Commentary

The New Yorker

Whenever I spend one of my regular summer weekends in rural Pennsylvania, I'm always sure to bring along a copy of The New Yorker. Not only does it help fill nearly every moment of downtime, but it also gives me serious street cred among my fellow red-state denizens. By waving around a copy of the mag, I can almost guarantee a weekend's worth of wayward glances at the beer repository and an "accidental" 15 percent overcharge when I refill the propane tank.

Okay, not really. But a question dawned on me as a thick veneer of haze lingered over glorious Lake Wallenpaupack: How many people outside major metropolitan areas could read this thing without both eyes suddenly registering TILT, à la Wile E. Coyote after an Acme anvil lands on his patootie? I'm not suggesting that people in rural areas are unthinking grunts, just that there's no other publication on this or any other planet that cops such an unrelentingly urban-high-culture 'tude. Intellectually, The New Yorker exists on a higher plane than most readers care to visit.

Even as someone who has never shared a sentence with the words "hoity" and/or "toity," that's fine with me. The New Yorker remains among the best written and involving publications out there, even if its recipe has gotten a tad stale with age. You know the drill: A bunch of listings, some highly personalized reviews, a few columns meant to be digested and then regurgitated word-for-word (presenting the opinions as your own, naturally) at cocktail parties where plastic keg cups are in tragically short supply.

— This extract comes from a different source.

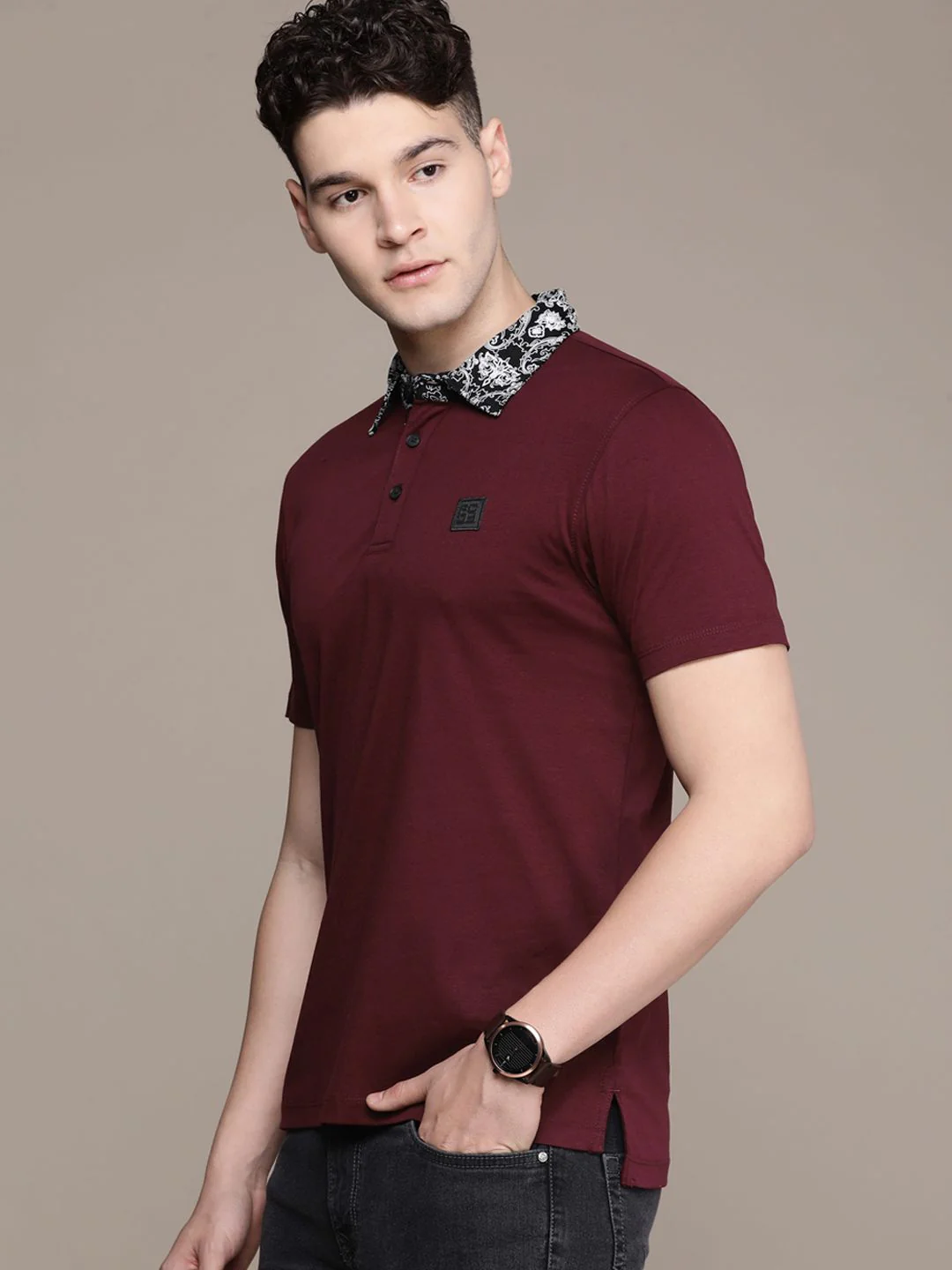 French Connection Solid Polo Collar Pure Cotton T-shirt - Image 5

But it still works, as witnessed by the June 13/20 "Debut Fiction" issue. Three astonishing stories occupy a smattering of its pages, with essays by David Sedaris and Edmund White filling most of the rest. White's essay, in which the gay author writes about his relationships with women, is particularly good. Just once in my life, I'd like to be able to pack as much description and mystery into a two-sentence blurb as White does in this one about a junior-high girlfriend: "She was hard and bold, then suddenly listless. I guessed that she'd been kissed by older men, high-school boys, even dropouts." New Yorker writers do things with the English language that most of us can only dream of. (See, I ended that last sentence with a preposition. I'm clearly beyond hope.)

Also predictably imposing and impressive are the "Talk of the Town" columns and essays, in which the mag features a withering assessment of the battle over judicial filibusters under the almost quaint header of "Comment." Then in "Ink," the peerless Seymour Hersh takes a break from his usual digging to recount what it was like to be reporting on Watergate at a newspaper other than The Washington Post. Even baseball gets a respectful nod, with Ben McGrath checking in with longtime Astro Craig Biggio as he approaches the record for most times being hit with a pitch.

I didn't take much away from the issue's reviews. Despite a smart Led Zeppelin/White Stripes comparison, most of the opinions come across as laughably overstated - sort of like a "Saturday Night Live" lampoon of a humorless PBS show. And I just don't get the mag's trademark cartoons; they seem to hearken back to a long-ago era, one in which humor wasn't, you know, clever. An illustration of a shark chomping on a cigar and holding a champagne flute accompanies a review of the long-awaited "Jaws" DVD, while low-key songwriter John Prine is rendered in a way that makes him look like a 65-year-old Freddie Mercury. To which I say: huh?

I'd be lying if I claimed to have perused every single word of the June 13/20 issue - my eyes glazed over during the overlong, unreadable exegesis on Gertrude Stein's overlong, unreadable "The Making of Americans." In fact, that's why I canceled my subscription a few years back: the stacks of unread New Yorker issues sitting behind my toilet seemed to mock me and my sluggish, lowbrow reading habits. Nonetheless, the publication remains in most ways the flag bearer for American magazine journalism, even if it's likely not flying off the racks at Wal-Mart. Dig in at your leisure.